「誰でも簡単にアクセス」できるように

製薬協が、製薬企業から医師への謝金の公開を開始した理由として、そのホームページには、以下のような文言が掲載されています。

「患者さんや国民の生命・健康に大きく関わり、また国民皆保険制度のもとにあるわが国の製薬産業においては、他の産業以上にその活動の透明性を確保し説明責任を果たすことが重要です」

非常に素晴らしい理念ですが、前述したように、実際の製薬企業の情報公開体制とは、ギャップが存在します。そこで、「製薬企業から医師に支払われた謝礼について、誰でも簡単にアクセスできるようにすること」を目的に、謝金についてのデータベースを作成するという一大プロジェクトを開始したのです。

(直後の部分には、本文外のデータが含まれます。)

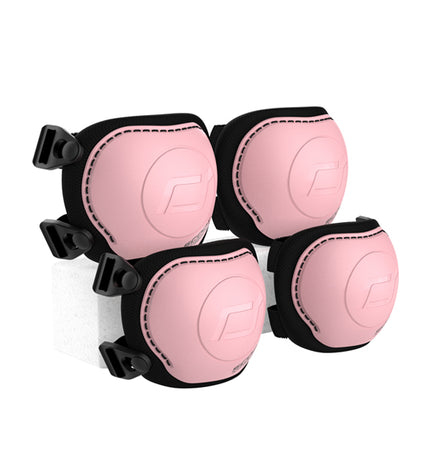 * Scoot & Ride Knie- en elleboogbeschermers | Rose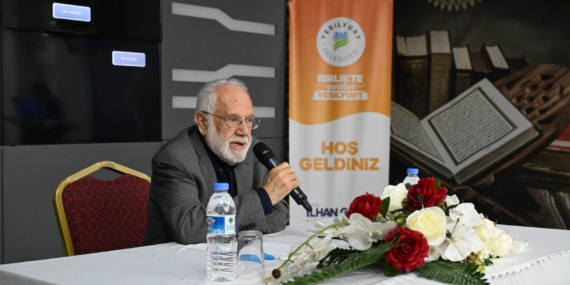 Prof. Dr. İhsan Süreyya Sırma Malatya’da Hayat Hikâyesini Anlattı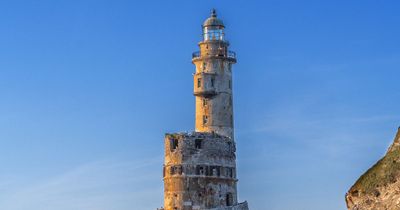 Inside creepy abandoned ‘nuclear powered’ lighthouse left to rot on remote island
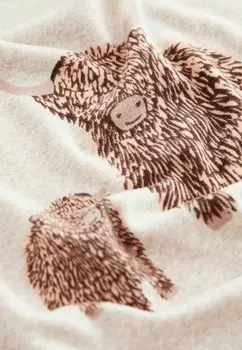 Пижама COSY LONG SLEEVE REGULAR FIT Next, бежевый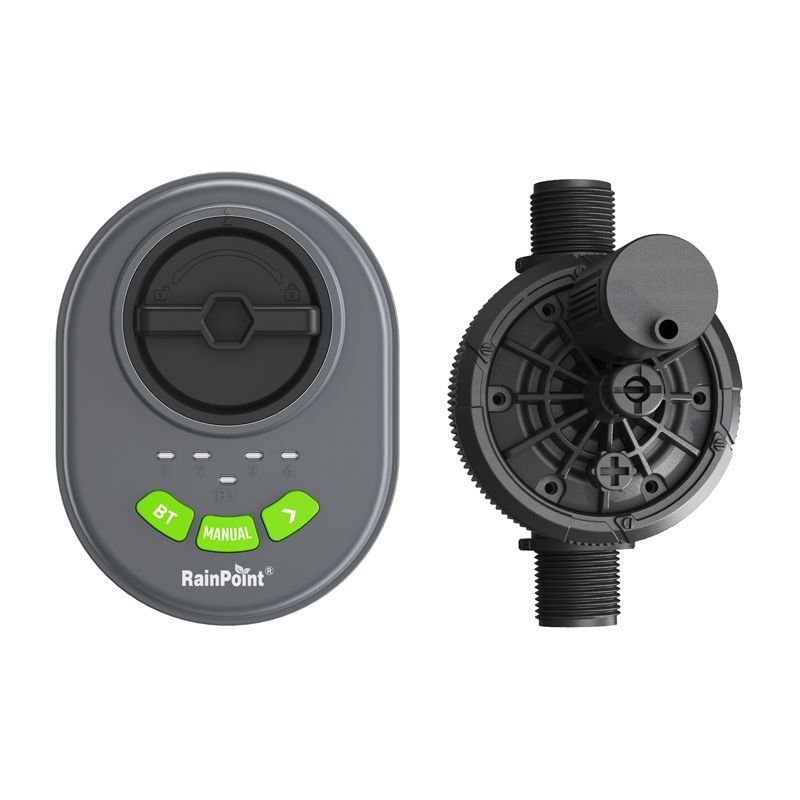 RainPoint 4-Zonen Sprinkler Controller mit App Bluetooth HIC406B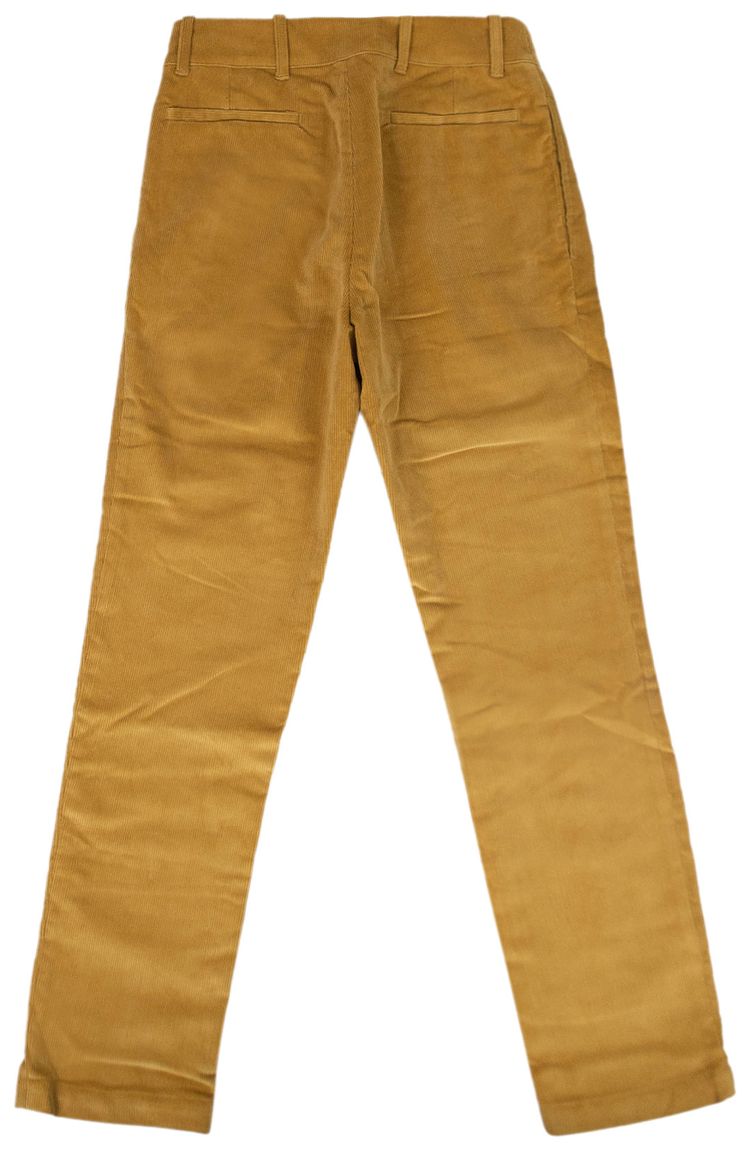 Aime Leon Dore Corduroy Pants Mustard Yellow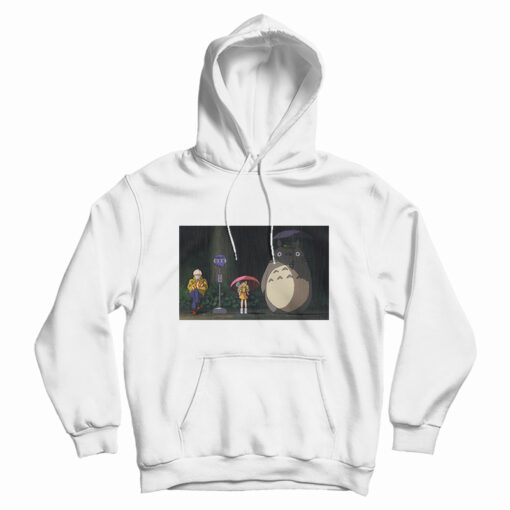 My Neighbor Totoro X Bernie Sanders Meme Hoodie For UNISEX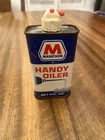 Marathon Handy Oiler Can Vintage Advertising 4 Oz Can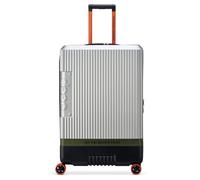 DELSEY PARIS Jeep JH001A - Valigia per cabina rigida, 55 cm x 35 cm x 23 cm, 36 litri, S, argento, XL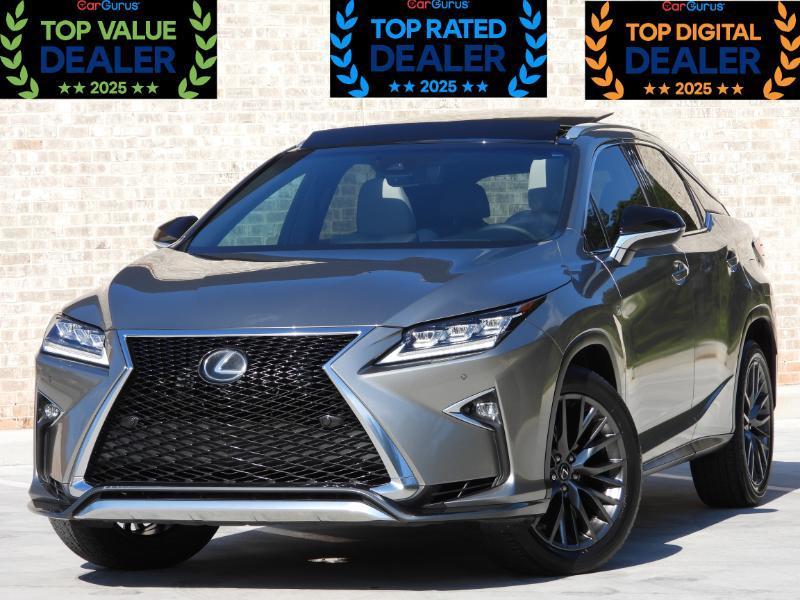 Lexus RX 350 F SPORT 2017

今回のデータベースの公開においては、患者さんや一般の方々の目線に立って、使いやすさを追求しました。結果として、納得したものを作るために、1年半、延べ3000時間以上の作業を要しました。この度、なんとかホームページの一般公開にこぎつけましたが、ここから先は皆様からのフィードバックも参考に、さらにホームページを良いものにしていきたいと考えています。実際、今回データを公開した後も、改善すべき点について、皆様からさまざまなお声を頂き、その都度修正を加えています。

「2000円程度の食事」でも医師が選ぶ薬に影響

では、このホームページは、どのように利用するのがよいのでしょうか。まず知っていただきたいのは、製薬企業が、2000円程度の食事を医師に振る舞うだけでも、医師が処方する薬剤に影響を及ぶ可能性があるという事実です。この知見は、米国で行われた大規模な調査により、明らかとなっています。製薬企業と金銭関係にある医師は、自分でも意識しないうちに、製薬企業に有利な処方をしてしまう可能性があるのです。

「医師が私に処方してくれている薬剤は、本当に自分にとって最善の薬なのか。」
「テレビや雑誌で、ある薬剤に肩入れをするような発言をしている医師の発言は、本当に信頼できるのか。」

このような疑問を持った際、ぜひ私たちのホームページを利用していただきたいと思います。製薬企業と医療者の金銭関係について理解することで、主治医や有名医師の言葉をより的確に判断できるようになると考えるからです。

今回、われわれの集計の結果、「全製薬会社別 支払額ランキング(講師謝金、原稿料、コンサルティング料に限る)」をつくることができました。1位は第一三共で20.1億円、2位は中外製薬で11.8億円、3位は田辺三菱で11.7億円、4位は武田薬品工業で11.6億円、5位は大塚製薬で11.4億円でした。製薬会社はそれだけの「謝金」を医療者に支払っているのです。

このホームページは、医療者と患者さんの関係をより「フラット」なものにする手助けになるでしょう。